Dictionnaire de la Littérature 2001Éd. 2001
L

Leopold (Jan Hendrik)

Poète hollandais (Bois-le-Duc 1865 – Rotterdam 1925).

La surdité, qui l'isola du monde, fit de son lyrisme, longtemps dédaigné, un art tout de méditation, marqué par son attirance pour la philosophie spinoziste et le mysticisme oriental (Chéops, 1915 ; Vers, 1926). Il a laissé une traduction des quatrains d'Omar Khayyam.

Lepik (Kalju)

Poète estonien (Koeru 1920 – Tallinn 1999).

Émigré en Suède en 1944, il fut l'un des premiers modernistes estoniens de l'après-guerre. Sur un mode tantôt léger, tantôt sombre, son œuvre se déploie autour de la douleur centrale de l'exil et de la patrie perdue. Jouant à réinterpréter avec humour les motifs et les formes de la poésie populaire (la Carrière, 1958), il utilisa également le vers libre pour composer des poèmes plus complexes, caractérisés par de nombreuses répétitions, des images vigoureuses et des associations d'idées surprenantes (Champ de sang, 1973 ; les Hommes de verre, 1978 ; les Villages disparus, 1985).

Lepoitevin de L'Égreville (Auguste) , dit aussi Lepoitevin Saint-Alme, Viellerglé et Prosper

Journaliste et écrivain français (Paris 1791 – id. 1854).

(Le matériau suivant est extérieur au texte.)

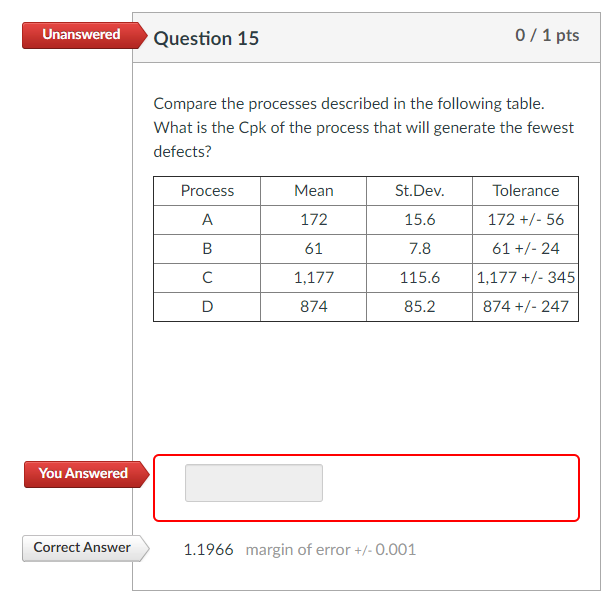 Solved Unanswered Question 15 0/1 pts Compare the processes | Chegg.com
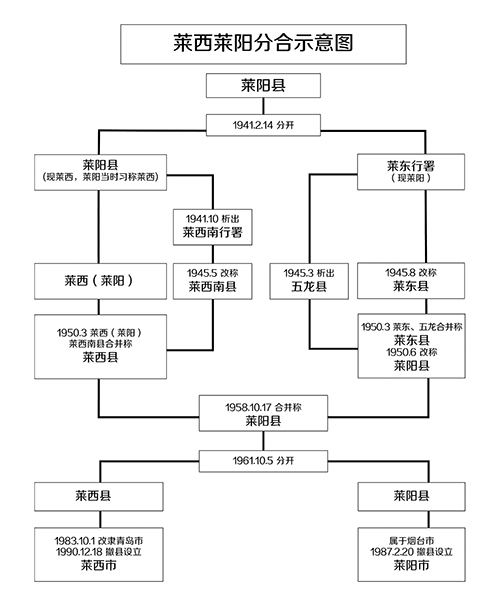 4版 莱西莱阳历史沿革与分合情况-4.jpg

Il publia sous pseudonymes (A. de Viellerglé) des romans (les Deux Hector, Charles Pointel, 1820-1821), notamment avec Balzac (l'Héritière de Birague ; Jean Louis, 1822), donna des pièces historiques (Paoli, 1822) et des comédies. Il fonda le Corsaire-Satan et un journal populaire, la Liberté (1848).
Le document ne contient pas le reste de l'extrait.